The filming of Psycho is the focus of Sacha Gervasi’s muddled but endearing biopic of/homage to The Master of Suspense. Flitting uneasily between comedy and psychoanalytical study of a troubled genius, parallels between the filmmaker and his deranged mummy’s boy protagonist are evoked; their shared mistrust of and obsession with the women in their lives being central to Hitchcock’s unravelling on and off set.

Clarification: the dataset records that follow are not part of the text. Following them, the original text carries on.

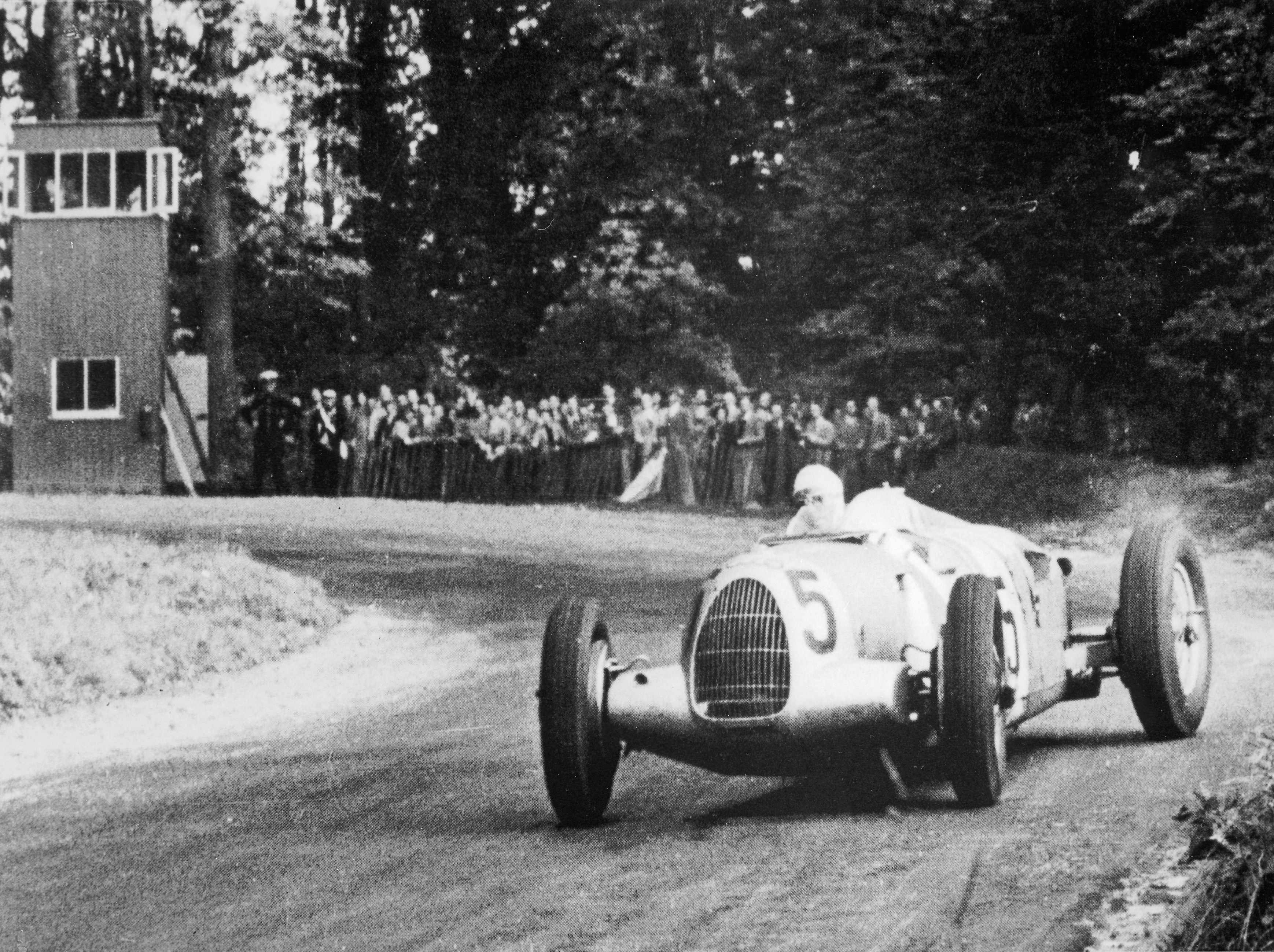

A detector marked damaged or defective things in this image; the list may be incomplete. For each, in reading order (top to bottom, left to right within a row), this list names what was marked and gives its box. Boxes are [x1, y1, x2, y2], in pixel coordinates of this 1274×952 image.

exposed wheel [534, 592, 619, 821]
exposed wheel [932, 572, 1003, 809]
exposed wheel [1114, 516, 1214, 739]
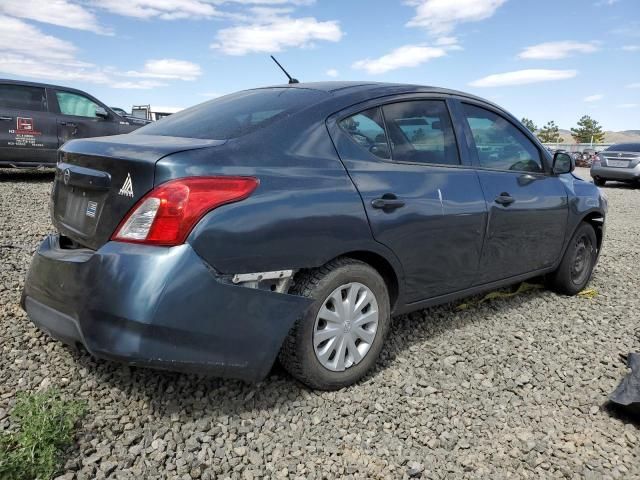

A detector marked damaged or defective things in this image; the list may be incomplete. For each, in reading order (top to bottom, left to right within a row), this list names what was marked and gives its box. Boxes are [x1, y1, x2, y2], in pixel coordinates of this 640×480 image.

crushed bumper cover [23, 234, 314, 380]
damaged rear bumper [23, 234, 314, 380]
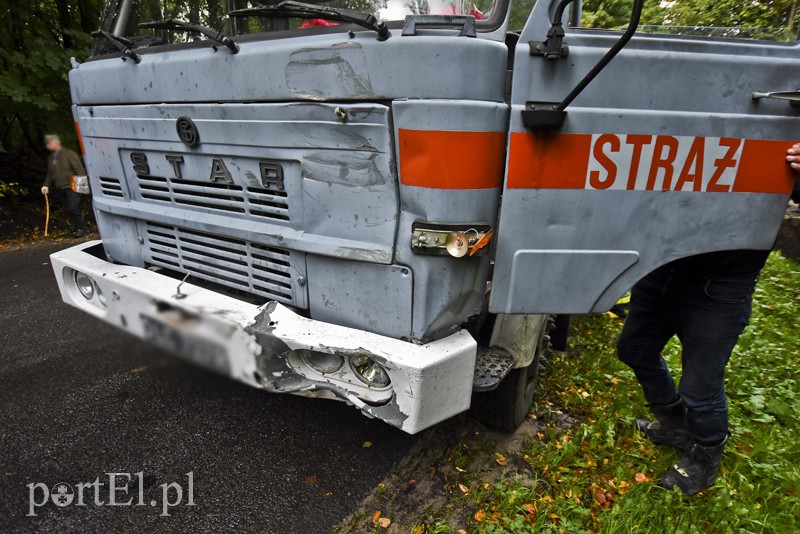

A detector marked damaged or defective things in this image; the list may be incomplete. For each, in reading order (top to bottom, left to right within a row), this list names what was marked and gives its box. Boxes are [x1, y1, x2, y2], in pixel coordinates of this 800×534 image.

cracked bumper section [51, 243, 476, 436]
damaged white bumper [51, 243, 476, 436]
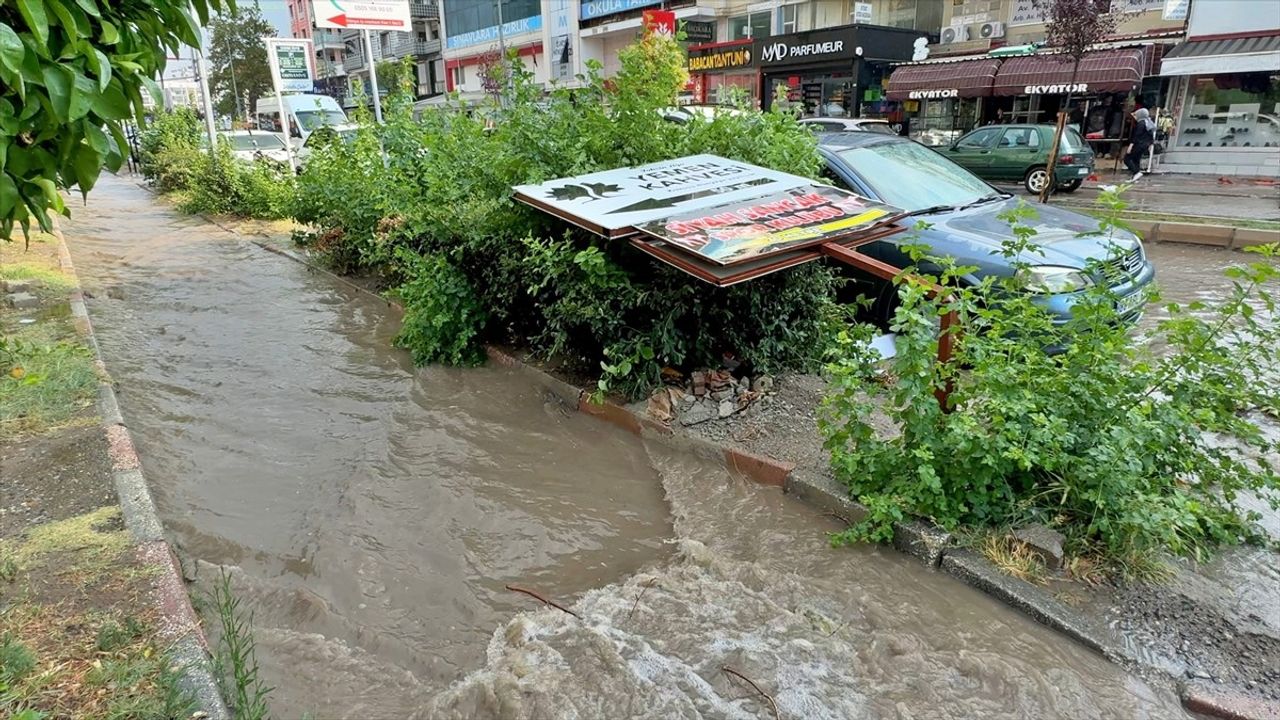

Anthony Hopkins offers a decidedly Lector-inflected Hitch – the measured delivery and menacing stillness immediately calling to mind the Welshman's most famous role – with Helen Mirren imperious as wife Alma Reville. While her is she/isn’t she dalliance with screenwriter Whitfield Cook (Danny Huston) lacks oomph, the depiction of the influence Reville exerted over hubby and his work does not. A device of Hitchcock’s hallucinatory conversations with real-life Psycho inspiration Ed Gein (Michael Wincott), at odds with an overarching frivolity marked by sassy lines and a garish aesthetic, is less compelling. An interesting, if slight, portrayal of a cinematic legend and his myriad foibles. [Chris Fyvie]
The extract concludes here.